Di Ugo Giordano, Amministratore Delegato di RINA Prime
Il real estate sta attraversando una fase di profonda trasformazione: dopo anni di incertezza, il settore sta diventando più maturo, con maggiore disciplina finanziaria, investimenti più selettivi e crescente attenzione alla qualità degli asset. Il mercato mostra segnali di consolidamento e solidità, mentre cambia in maniera strutturale anche il modo di concepire e gestire il patrimonio immobiliare.
In questo scenario, la digitalizzazione non rappresenta più un fattore accessorio, né una semplice opportunità di efficientamento. È diventata una vera e propria leva strategica, destinata a incidere in modo determinante sulla competitività degli operatori e sulla capacità di preservare il valore degli immobili nel tempo.

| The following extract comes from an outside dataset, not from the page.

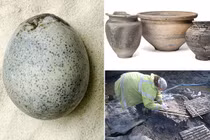  Tìm thấy 4 quả trứng 1.700 tuổi, chuyên gia thót tim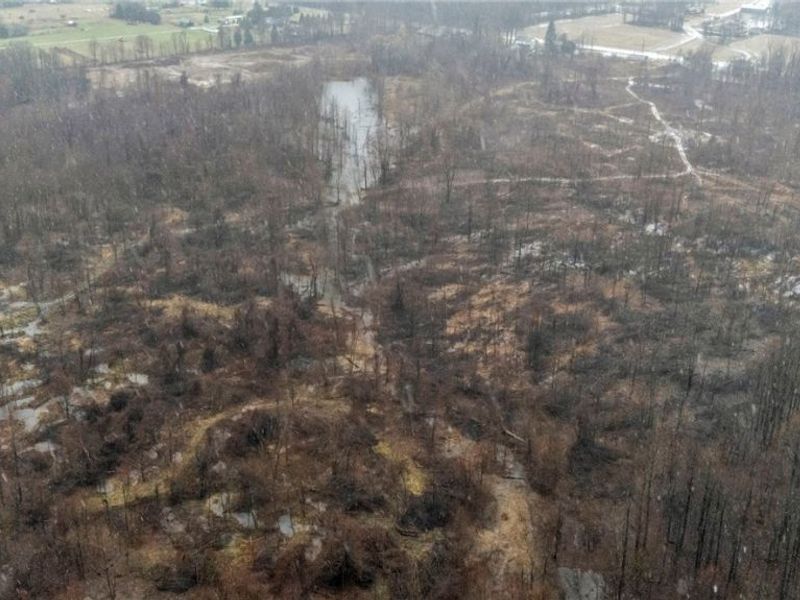 9580 & 9582 North Ridge Road, Geneva, OH 44041 Photo 8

Per anni il settore immobiliare ha adottato le tecnologie con lentezza, a causa della frammentazione dei dati, dell’eterogeneità degli asset e della difficoltà di standardizzare i processi. Oggi però la disponibilità di informazioni integrate e in tempo reale sta cambiando rapidamente il quadro, permettendo decisioni più efficaci, una migliore gestione dei rischi e dei costi e una maggiore capacità di creare valore nel lungo periodo. Si tratta prima di tutto di un’evoluzione culturale e organizzativa: il real estate sta progressivamente passando da un modello centrato quasi esclusivamente sull’asset fisico a un sistema complesso, in cui competenze tecniche, finanza strutturata, gestione energetica e analisi dei dati devono convivere e integrarsi in modo coerente.
Il vero salto di qualità non dipende dall’adozione di singole soluzioni, ma dalla capacità di costruire ecosistemi digitali integrati. I benefici sono concreti e misurabili: maggiore efficienza operativa, migliore controllo dei processi, maggiore trasparenza e una valutazione più accurata delle performance degli asset. Tutti elementi che oggi rappresentano requisiti imprescindibili per dialogare con investitori, istituzioni finanziarie e partner industriali.
Un aspetto sempre più evidente riguarda il peso crescente delle infrastrutture digitali nella determinazione del valore immobiliare. Connettività, resilienza energetica, qualità delle reti e capacità di monitoraggio stanno diventando fattori determinanti nelle scelte di investimento e nello sviluppo dei progetti. Il valore di un immobile non dipende più soltanto dalla posizione o dalle caratteristiche costruttive, ma anche dalla sua integrazione in un sistema tecnologico e infrastrutturale evoluto.
Se il contesto macroeconomico appare oggi più equilibrato rispetto al recente passato, il mercato è diventato al tempo stesso più esigente. Investitori e operatori richiedono livelli sempre più elevati di tracciabilità, affidabilità dei dati e capacità di analisi. In questo contesto, la qualità delle informazioni e la capacità di interpretarle rappresentano un vantaggio competitivo decisivo.
La sfida che abbiamo davanti non è semplicemente crescere di più, ma crescere meglio. Significa preservare e accrescere il valore degli asset nel tempo, ridurre i rischi, migliorare l’efficienza e sviluppare modelli di gestione capaci di adattarsi a un contesto economico e urbano in continua evoluzione.